Penggiat Film Medan “Merayakan Layar” & Peringati 100 Tahun H. Usmar Ismail

Selasa, 30 Maret 2021 | 17:52 WIB

Bertepatan Hari Film Nasional ke-71 yang jatuh pada 30 Maret 2021, Kinocolony dan Wadah Temu Film Medan menyelenggarakan kegiatan “Merayakan Layar” sekaligus peringatan 100 tahun tokoh perfilman Indonesia H. Usmar Ismail.

Kegiatan ini diawali dengan pemutaran dan diskusi tentang film sejak 26 Maret 2021 sampai 29 Maret 2021 yang diadakan di sejumlah lokasi di Kota Medan dan akan diakhiri dengan acara puncak pada 30 Maret 2021 di 117 Coffee Jalan Perdana Nomor 117, Kelurahan Kesawan, Kecamatan Medan Barat, Kota Medan mulai pukul 14.00 WIB hingga selesai.

Beberapa film yang telah di putar antara lain adalah “Memoria Tanah Ingatan” karya Kamila Andini, “Setengah Sendok Teh” karya Ifa Isfansyah, “Jadi La Surong” karya Ori Semloko dan masih banyak film lainnya.

Dengan menerapkan protokol kesehatan yang ketat, adapun program kegiatan yang akan dilakukan antara lain pemutaran dan diskusi film “Tiga Dara” (1957) karya Usmar Ismail, hasil restorasi yang didukung penuh oleh SA Films dan Forum Grup Diskusi dengan tema “Sinema dan Pergerakannya di Kota Medan”.
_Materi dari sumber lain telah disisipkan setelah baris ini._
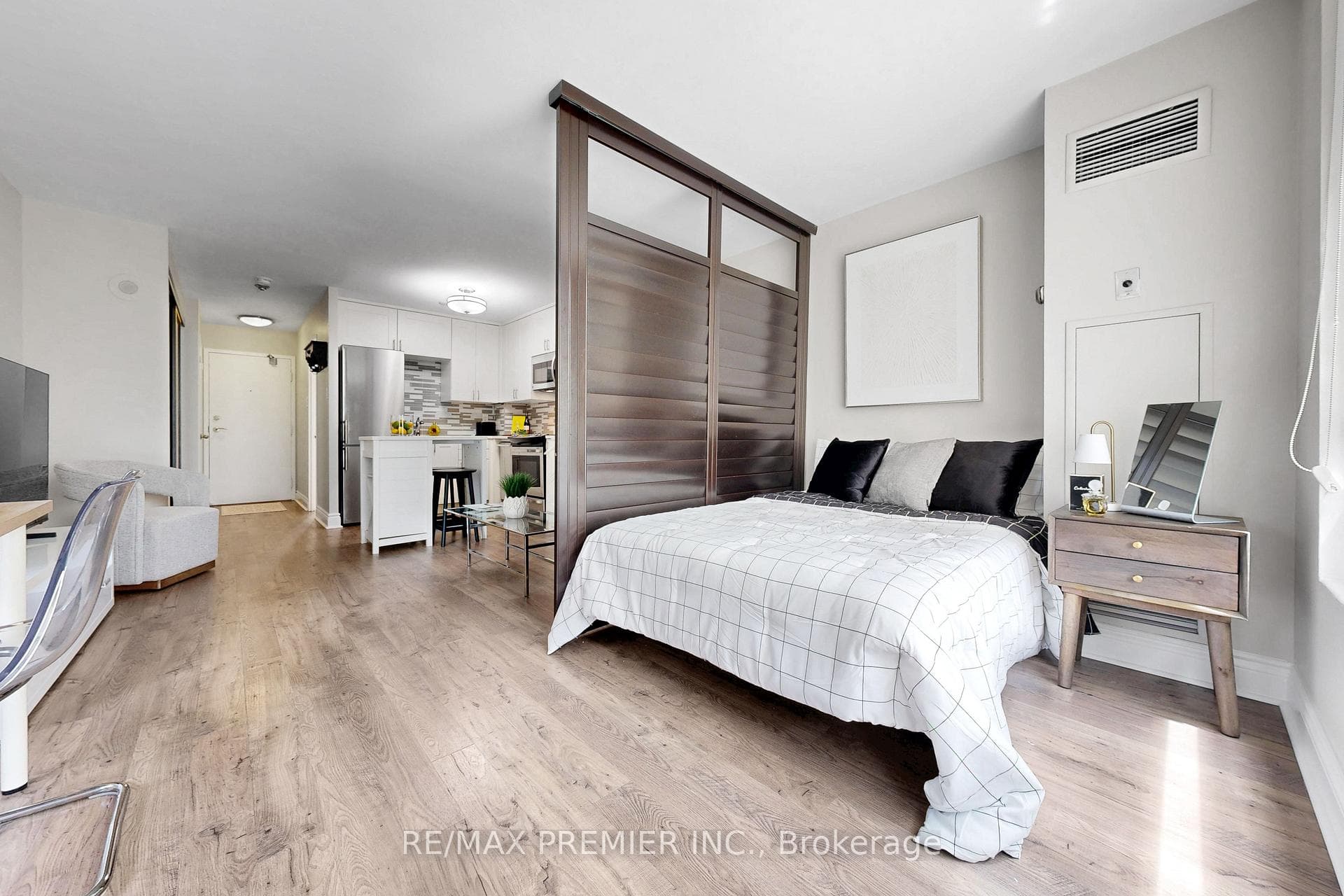 DESIGNED FOR PEACEFUL MOMENTS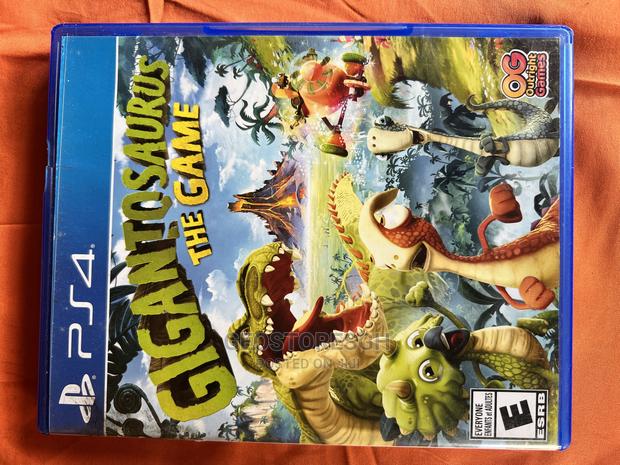 Gigantosaurus:The Game · Photo 1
Untuk sekedar informasi, kegiatan ini terbuka untuk umum dan tanpa dipungut biaya.

Kaleb Sitompul sebagai penggagas kegiatan “Merayakan Layar” mengatakan awalnya ide membuat pemutaran ini berangkat dari keinginan untuk membagi ilmu tentang film ke daerah, yang mana mereka berasal dari Fakultas Film dan Televisi Institut Kesenian Jakarta dan dari beberapa kampus film lainnya.

“Saya tidak memandang sekolah film hanya sebatas jalur tempuh pendidikan untuk mencapai karir di film, terlebih dari itu ada ilmu pengetahuan tentang film yang meskipun saya tidak bilang bahwa saya benar-benar memahami seluruhnya tetapi ilmu ini ada sesuatu yang harus dibagikan terutama untuk teman-teman yang ada di daerah”, ungkap Kaleb.

Ia juga mengatakan sekolah film yang ada di Indonesia masih bisa dihitung jari dan mengakibatkan terbatasnya pola pikir dan didikan akademik yang dilahirkan.

“Kita bisa melihat faktanya bahwa sekolah film di Indonesia masih bisa dihitung jari, akibatnya pola pikir dan lulusan akademik yang dilahirkan dari sekolah-sekolah SMA dan SMK tidak membuka pintu yang luas terhadap pilihan sekolah kesenian”, ujar Kaleb.

“Pada akhirnya lahir program-program alternatif seperti ini adalah untuk membagikan wawasan serta pilihan menonton yang tidak didapatkan pada media mainstream”, tambahnya.

Mahasiswa Institut Kesenian Jakarta ini juga berharap program ini tidak akan berhenti karena ini merupakan tanggung jawab dan perjalanan besar dan yang terpenting dapat menjangkau orang yang tidak dapat mengakses pendidikan film secara formal lebih luas lagi.

“Harapannya setelah ini program kita tidak berhenti karena ini adalah tanggung jawab dan perjalanan besar tetapi yang paling penting adalah kita menjangka lebih banyak lagi orang yang tidak dapat mengakses pendidikan film secara formal lebih luas lagi”, tutupnya.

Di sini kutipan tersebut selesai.